Exercise directions: The full set of lines below has to be duplicated exactly, with no picture kept.

Material provided:

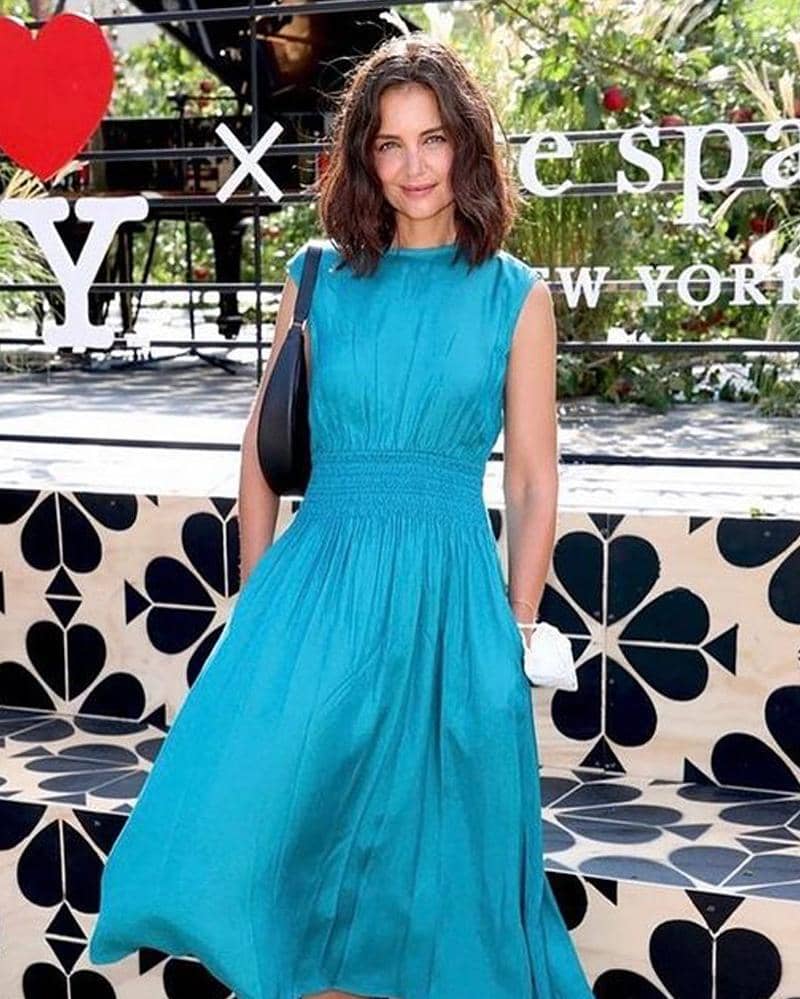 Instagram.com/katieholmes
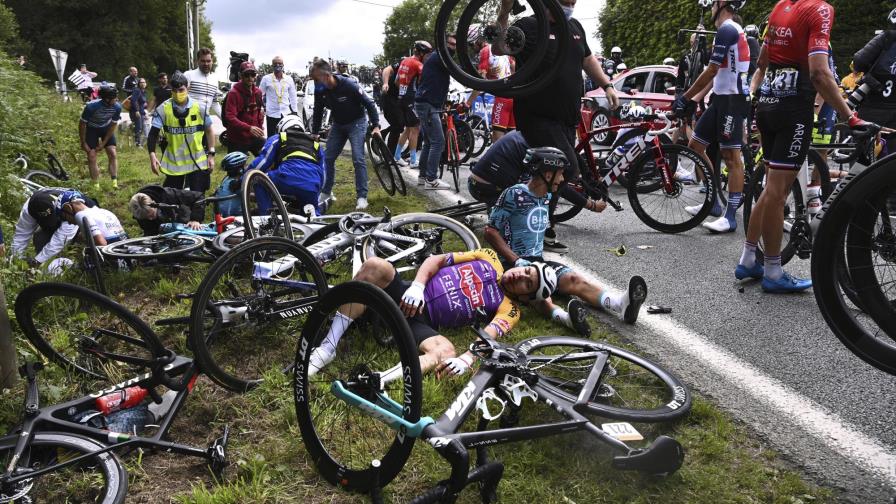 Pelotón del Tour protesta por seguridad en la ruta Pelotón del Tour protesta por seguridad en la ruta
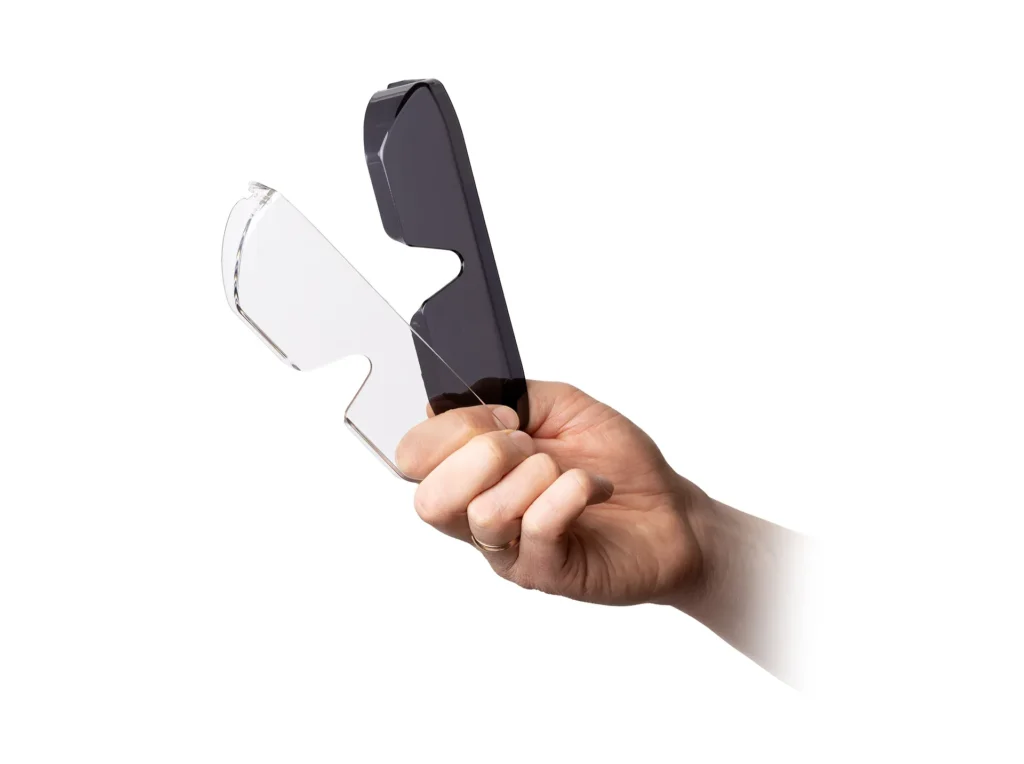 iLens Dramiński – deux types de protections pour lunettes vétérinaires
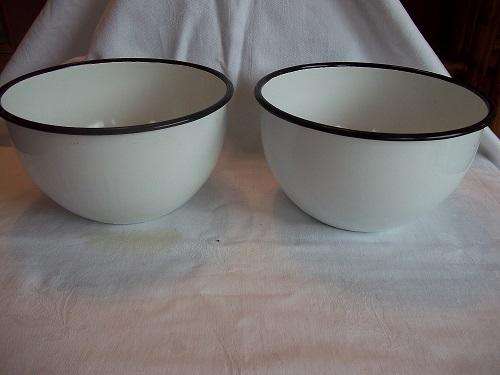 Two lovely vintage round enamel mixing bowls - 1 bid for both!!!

Finished task:
 Instagram.com/katieholmes
 Pelotón del Tour protesta por seguridad en la ruta Pelotón del Tour protesta por seguridad en la ruta
 iLens Dramiński – deux types de protections pour lunettes vétérinaires
 Two lovely vintage round enamel mixing bowls - 1 bid for both!!!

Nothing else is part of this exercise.